Re: [PATCH] cpufreq: cppc: Reduce cppc delivered perf sampling jitter

From: Jeremy Linton

Date: Wed Jun 03 2026 - 13:12:05 EST

Hi,

Thanks for looking at this.

On 6/3/26 5:54 AM, Breno Leitao wrote:

On Tue, Jun 02, 2026 at 04:20:52PM -0500, Jeremy Linton wrote:

CPPC uses a pair of registers cycling at different frequencies to
determine an accumulated performance level. For userspace reporting we
want to convert this to an instantaneous CPU frequency, but over short
time periods small errors caused by CPPC counter reads can cause
fairly significant reported frequency variations even when the core
CPU clock isn't changing.

Reduce this by keeping a start sample fixed and retrying the end
sample until the counter deltas are large enough to reduce short
window error, or until adjacent delivered performance estimates are
within the CPU's observed CPPC read noise floor.

To begin, resample the initial pair a small fixed number of times
looking for matching delivered performance deltas. This reduces the
chance that a disturbed start sample anchors the rest of the
calculation.

Then look for an end sample while updating the noise floor from the
best error seen between samples. The floor remains zero on systems
with stable feedback reads, but lets noisy systems stop early once
another retry is unlikely to improve the result. The retry loop is
capped at 200 iterations, giving an ~20 usec explicit delay budget
derived from ndelay(100).

Signed-off-by: Jeremy Linton <jeremy.linton@xxxxxxx>
---
drivers/cpufreq/cppc_cpufreq.c | 68 ++++++++++++++++++++++++++++++----
1 file changed, 61 insertions(+), 7 deletions(-)

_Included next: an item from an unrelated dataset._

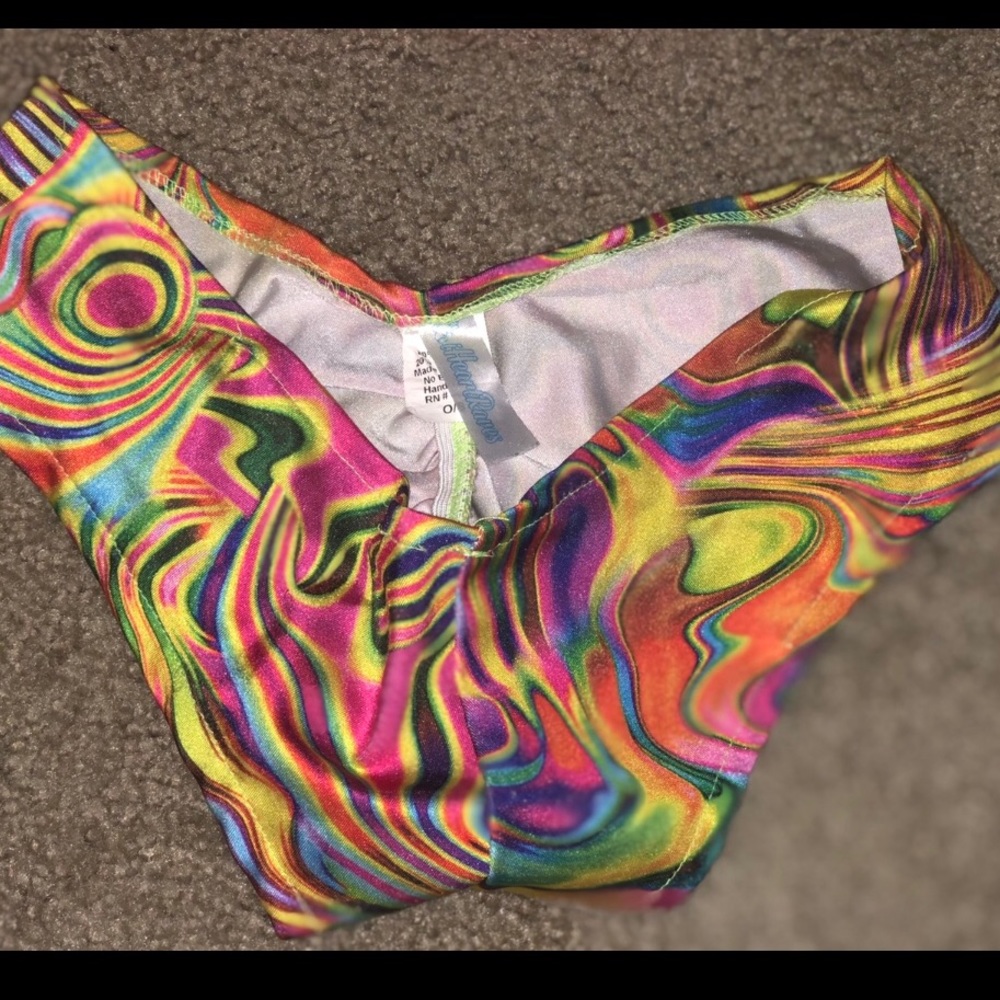 IHEARTRAVES acid wash booty bottoms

diff --git a/drivers/cpufreq/cppc_cpufreq.c b/drivers/cpufreq/cppc_cpufreq.c
index 7e7f9dfb7a24..362c08def420 100644
--- a/drivers/cpufreq/cppc_cpufreq.c
+++ b/drivers/cpufreq/cppc_cpufreq.c
@@ -50,7 +50,7 @@ struct cppc_freq_invariance {
static DEFINE_PER_CPU(struct cppc_freq_invariance, cppc_freq_inv);
static struct kthread_worker *kworker_fie;
-static int cppc_perf_from_fbctrs(u64 reference_perf,
+static u64 cppc_perf_from_fbctrs(u64 reference_perf,
struct cppc_perf_fb_ctrs *fb_ctrs_t0,
struct cppc_perf_fb_ctrs *fb_ctrs_t1);
@@ -750,7 +750,7 @@ static inline u64 get_delta(u64 t1, u64 t0)
return (u32)t1 - (u32)t0;
}
-static int cppc_perf_from_fbctrs(u64 reference_perf,
+static u64 cppc_perf_from_fbctrs(u64 reference_perf,
struct cppc_perf_fb_ctrs *fb_ctrs_t0,
struct cppc_perf_fb_ctrs *fb_ctrs_t1)
{
@@ -771,19 +771,71 @@ static int cppc_perf_from_fbctrs(u64 reference_perf,
return (reference_perf * delta_delivered) / delta_reference;
}
-static int cppc_get_perf_ctrs_sample(int cpu,
+/* CPPC read noise floor for early retry exit. */
+static DEFINE_PER_CPU(u64, err_floor);
+
+#define CPPC_SAMPLE_MAX_RETRIES 200

Could the remaining tuning literals get the same treatment?
Specifically:

- the 10 initial-resample iteration count
- the 2000 multiplier in ref * 2000
- the 100 ns in ndelay(100)

Sure. A few of these were personal judgment from the platforms I tried it on. I had some instrumentation at the bottom which was printing loop counts and error values and largely I picked those values based on how they were behaving, or back of the evelope estimates. For example, that 200 is afaik overkill, its usually settles down around 20 or less, which makes this faster than the old method on at least one platform I tried it on. And they are all intended to be "upper bound" exit the loop because something isn't working right values.

I'm interested in whether this patch stabilizes the frequency reporting in some of the cases I've heard people talking about.